Sono seduto al bar e lavoro al computer. La musica accompagna i rumori di tazzine e sedie. C’è una selezione anni ’90: “I got the power!”, la voce di Samanta Tina invade la stanza. Poi il ritmo si allunga con West End Girls dei Pet Shop Boys.
Un uomo di mezza età, robusto, con una maglietta con la scritta USA, la barba curata e i capelli pettinati con una riga definita, si avvicina a me quasi in modo minaccioso. Distolgo lo sguardo dallo schermo: ci guardiamo negli occhi. Penso sia uno dei tanti conoscenti che mi salutano mentre lavoro, magari qualcuno che non vedo da tempo. In pochi secondi provo a riconoscere il volto, ma non mi ricorda nessuno.
«Mi offri per favore una pasta e un cappuccino». Una frase in cui il punto di domanda sembra rimasto in tasca.
Perplesso e a disagio, sento invaso il mio spazio e non so cosa rispondergli. La barista, notando la scena, lo rimprovera: «Non deve chiedere!».
Passano alcuni secondi, poi mi giro verso di lui: «Nessun problema, pago io». Tiro fuori un sorriso rassicurante per sciogliere quel momento di tensione.
L’uomo si sposta al banco, addenta la brioche e sorseggia il cappuccino. Chiudo il pc e lo osservo. In un attimo penso alla sua vita, più che soffermarmi sul rimprovero della barista. Vedo sempre più spesso persone alla deriva in città. Conosco molte storie simili anche grazie al mio lavoro con Agape: esistenze disorientate, senza famiglia, senza lavoro, senza affetti. Travolte da uno tsunami chiamato vita.

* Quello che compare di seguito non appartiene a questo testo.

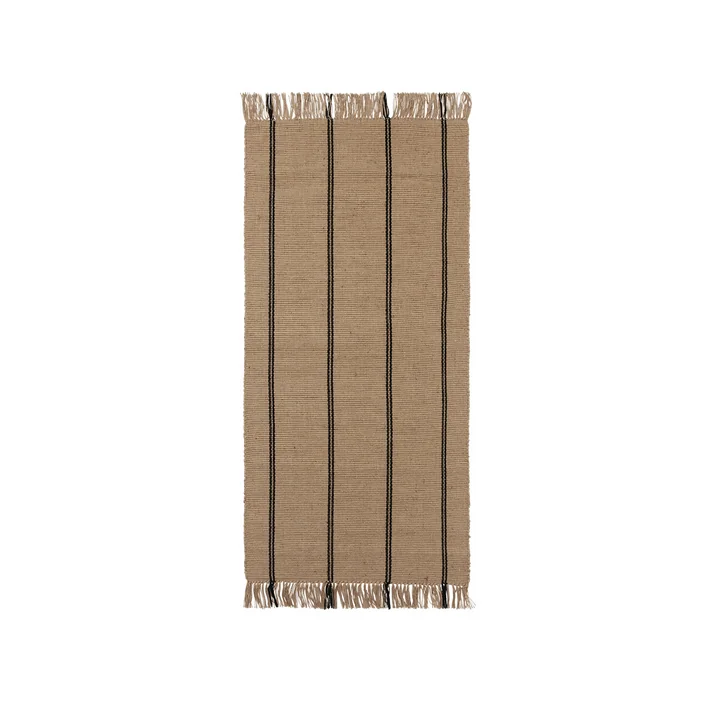 Broste Copenhagen - Yuki Tapis, 70 x 140 cm, noir / naturel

Finita la colazione, l’uomo mi saluta e torna da me con un sorriso incerto ma pieno di gentilezza. Mi fissa di nuovo: «La prossima volta te lo offro io». Vuole rassicurarmi, sentirsi in pari. A me importa poco. Gli restituisco il sorriso. Lo rassicuro. Non aspetto nulla in cambio. La generosità non ha bisogno di essere ripagata: si fa perché si sente, perché ci si crede. E bisogna allenarla ogni giorno, perché non si sa mai… un giorno, magari senza accorgercene, potremmo ritrovarci dall’altra parte della strada.